What you have to do
Show every line of the material that follows in which the word "background" occurs.

━━━━━━━━━━━━━━━━━━━━━━━━━━━━━━

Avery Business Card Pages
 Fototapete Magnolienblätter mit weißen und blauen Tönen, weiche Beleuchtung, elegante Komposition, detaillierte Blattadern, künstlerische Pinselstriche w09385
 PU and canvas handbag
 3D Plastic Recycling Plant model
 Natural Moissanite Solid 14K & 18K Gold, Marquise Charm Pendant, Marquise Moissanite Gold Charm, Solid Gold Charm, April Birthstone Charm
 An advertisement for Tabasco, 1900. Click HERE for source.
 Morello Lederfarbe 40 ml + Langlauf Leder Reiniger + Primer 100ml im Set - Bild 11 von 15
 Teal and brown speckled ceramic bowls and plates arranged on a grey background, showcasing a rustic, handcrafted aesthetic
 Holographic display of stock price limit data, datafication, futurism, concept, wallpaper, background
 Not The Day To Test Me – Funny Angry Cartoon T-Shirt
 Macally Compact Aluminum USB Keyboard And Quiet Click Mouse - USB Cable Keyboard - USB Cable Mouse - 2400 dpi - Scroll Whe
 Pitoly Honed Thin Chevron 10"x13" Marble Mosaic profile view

━━━━━━━━━━━━━━━━━━━━━━━━━━━━━━

Answer to this exercise
 Teal and brown speckled ceramic bowls and plates arranged on a grey background, showcasing a rustic, handcrafted aesthetic
 Holographic display of stock price limit data, datafication, futurism, concept, wallpaper, background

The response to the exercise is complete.